It was just before dawn in Aourir, a quiet coastal town north of Agadir, on a Monday in early July 2026. While residents slept soundly, a heavily armed convoy rolled through the streets in complete silence. The mission was clear: dismantle a high-risk threat—an extremist radical who had pledged allegiance to the so-called Islamic State (ISIS). Acting on precise intelligence from the General Directorate for Territorial Surveillance (DGST), elite special forces moved swiftly, breaching the suspect’s home and neutralizing the threat within seconds.
Upon entry, officers from the Central Bureau of Judicial Investigations (BCIJ), a DGST affiliate, confirmed the urgency of the operation. The individual was no longer just an ideological follower; he possessed combat gear, tactical knives, and an arsenal of homemade weapons. By sunrise, the people of Aourir awoke to a heavy security presence, caught between shock at the proximity of terrorism and relief that the threat had been eliminated in time.

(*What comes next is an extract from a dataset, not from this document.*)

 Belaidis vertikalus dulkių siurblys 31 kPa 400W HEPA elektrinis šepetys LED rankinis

A hidden bomb-making facility
A few kilometers south, in the industrial zone of Inezgane, the operation took a more alarming turn. Inside a concealed warehouse in the Traast El Jorf district, investigators uncovered the cell’s most sinister operation—a fully equipped bomb-making lab. At the center of the room stood a 4×4 vehicle, its fuel tank clandestinely modified to run on butane gas. This crude modification was designed to maximize the destructive power of a suicide attack or vehicle-ramming assault on critical national infrastructure.

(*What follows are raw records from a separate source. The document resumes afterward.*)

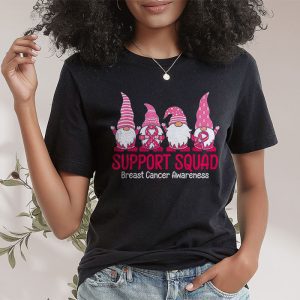 Breast Cancer Awareness Shirt For Women Gnomes Support Squad T Shirt 2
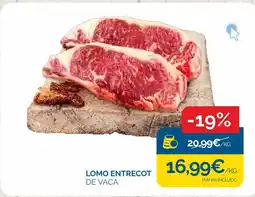 Cash Ecofamilia LOMO ENTRECOT DE VACA oferta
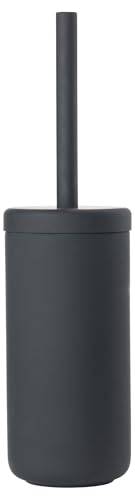 Zone Denmark Ume Toilettenbürste, WC Bürste, Klobürste in Schönem Dänischem Design, aus Steinzeug mit Soft Touch-Beschichtung, Durchm. 10 cm, Höhe 38,7 cm, Schwarz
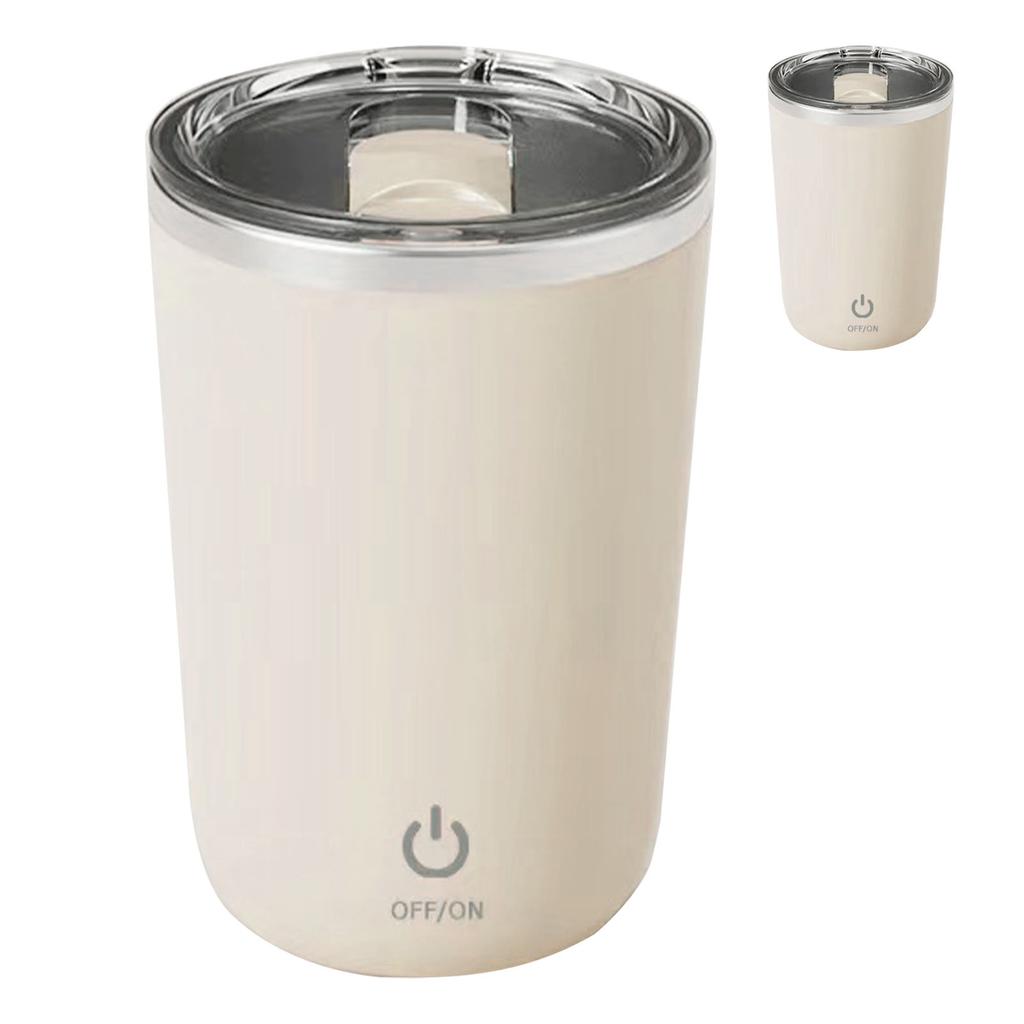 350mL Automatic Magnetic Stirring Cup Washable Stirring Coffee Mug with Stainless Steel Inner Liner for Milk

Confronted with the immediate risk of detonation, the BCIJ activated an emergency protocol: evacuating nearby residents, deploying bomb disposal experts from the National Security Directorate (DGSN), and using remote-controlled robots and advanced sensors to inspect the vehicle without endangering human lives.
Once the area was secured, the inventory of the warehouse revealed the extent of the threat: butane gas cylinders, pressure cookers rigged with shrapnel, electrical wiring, detonators, welding equipment, and large quantities of solid and liquid chemical compounds. The scale of the operation left no doubt—this cell was not just planning attacks, but building the means to carry them out.

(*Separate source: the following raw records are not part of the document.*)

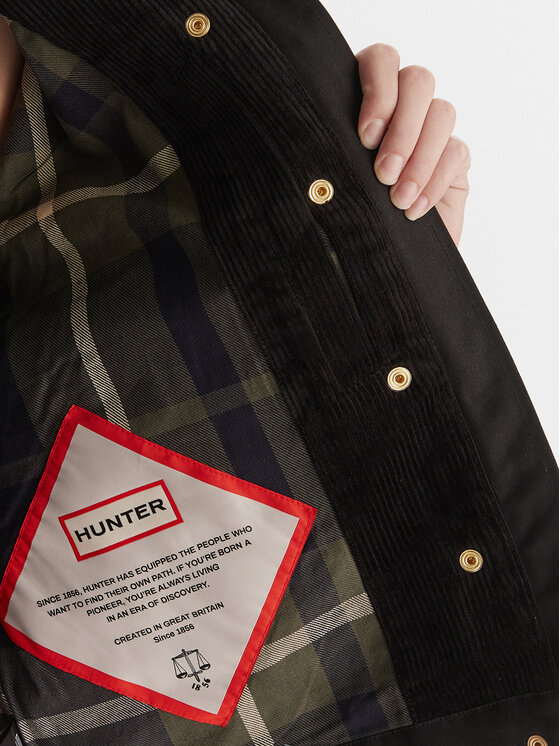 Hunter Hunter Демісезонна куртка Leith HARW0065251 Чорний Oversize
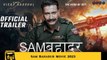Sam bahadur movie 2023 / bollywood new hindi movie / A.s channel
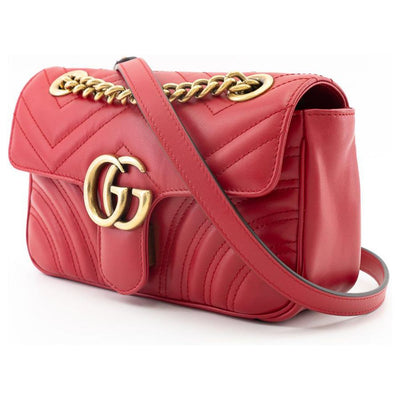 Red Leather Crossbody Bag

Nationwide crackdown foils coordinated terror plot
Though the cell’s operational hub was in the Souss region, its network extended across multiple cities in Morocco. To prevent the arrest in Aourir from triggering an alert, the DGST Special Forces launched simultaneous raids in seven locations: Agadir, Taroudant, Casablanca, El Hajeb, Tétouan, Fquih Ben Salah, and Safi. In total, ten suspects were taken into custody, including a 17-year-old—a stark reminder of the group’s cynical recruitment of minors.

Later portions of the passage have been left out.